Now there were still no doors. But neither were there floors or ceilings, nor was there any up or down. There was only the reasonable facsimile of walls, and just about every square inch of them was occupied with tools, spare parts, boxes of food, control panels, cameras, laptops, racks of scientific experiments, and personal effects—Nike sneakers bound behind elastic straps and photographs taped up, as well as sleeping bags, toothbrushes, shaving mirrors, utensils, portable compact disc players, an Australian didgeridoo (owned by Pettit), and one really ugly necktie (brought up by Bowersox).
Floating their way through this cluttered, closed-in tunnel, they now felt like actors on the most elaborate set ever built, put together by hundreds, even thousands, of designers, builders, and prop masters. Station had been in orbit just long enough for it to feel experienced; its sharpest edges had been worn down and its fresh-from-the-factory luster had been scratched and tarnished. But it was also new enough for it to feel as if it was still being built, even invented—which, of course, it was. As with a house stuck in the middle of a perpetual renovation, there was a kind of sketched-out order to things, but there was also plenty of chaos and dust. Until the last module had been dreamed up and launched, until the final piece of the puzzle had been put into place, it would always feel as though the workers had gone home for the night but were ready to come back and pick things up again tomorrow, having left their chop saw on the kitchen table in the meantime.

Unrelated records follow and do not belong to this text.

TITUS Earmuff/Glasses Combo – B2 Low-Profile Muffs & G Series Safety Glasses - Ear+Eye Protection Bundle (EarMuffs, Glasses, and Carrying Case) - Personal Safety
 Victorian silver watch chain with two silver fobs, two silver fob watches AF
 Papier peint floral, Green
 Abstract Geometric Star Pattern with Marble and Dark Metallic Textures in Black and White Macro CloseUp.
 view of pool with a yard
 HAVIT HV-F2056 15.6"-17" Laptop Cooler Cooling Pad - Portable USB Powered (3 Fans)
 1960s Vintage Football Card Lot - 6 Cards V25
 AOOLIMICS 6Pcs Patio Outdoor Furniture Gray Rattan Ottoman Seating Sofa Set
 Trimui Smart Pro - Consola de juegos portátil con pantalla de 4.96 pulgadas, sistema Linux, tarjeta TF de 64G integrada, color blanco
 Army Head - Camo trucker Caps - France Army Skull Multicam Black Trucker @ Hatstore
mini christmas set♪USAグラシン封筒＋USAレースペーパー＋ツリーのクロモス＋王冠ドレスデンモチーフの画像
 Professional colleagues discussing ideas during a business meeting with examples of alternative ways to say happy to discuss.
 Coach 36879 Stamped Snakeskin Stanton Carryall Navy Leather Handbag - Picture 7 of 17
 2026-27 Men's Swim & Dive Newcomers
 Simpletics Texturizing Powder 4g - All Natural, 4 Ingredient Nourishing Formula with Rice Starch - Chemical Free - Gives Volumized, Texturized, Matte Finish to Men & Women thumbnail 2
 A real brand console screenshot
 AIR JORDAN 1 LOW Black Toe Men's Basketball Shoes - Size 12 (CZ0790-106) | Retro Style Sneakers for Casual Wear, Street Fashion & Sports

When the International Space Station is finally finished, it will look like an enormous mobile, revolving around an axis of modules—silver,
vaguely cylindrical rooms bolted to each other mostly end to end—built and equipped by one or more of sixteen countries: principally the United States and Russia, but also Canada, Japan, the eleven nations of the European Space Agency, and Brazil. Although the station’s blueprints have been continually scribbled over and updated since its inception, the long list of planned modules includes at least six laboratories; a couple of dedicated living spaces with room for as many as seven astronauts; a checklist of nodes, adapters, and docking ports; and an ever-ready
Soyuz
capsule, Russia’s age-old means of space exploration, now fulfilling the role of lifeboat. The entire structure, running perpendicular to the backbone of trusses that
Endeavour
’s crew had just added on to, will be powered by almost an acre’s worth of solar panels. And at an estimated final dimension of 356 feet across and 290 feet long (weighing in at more than one million pounds), the completed station will easily eclipse the next largest manmade object ever in space. It will be more than four times as large as Mir, the world’s first multimodule space station. It will look as though we’ve slipped another star into the sky.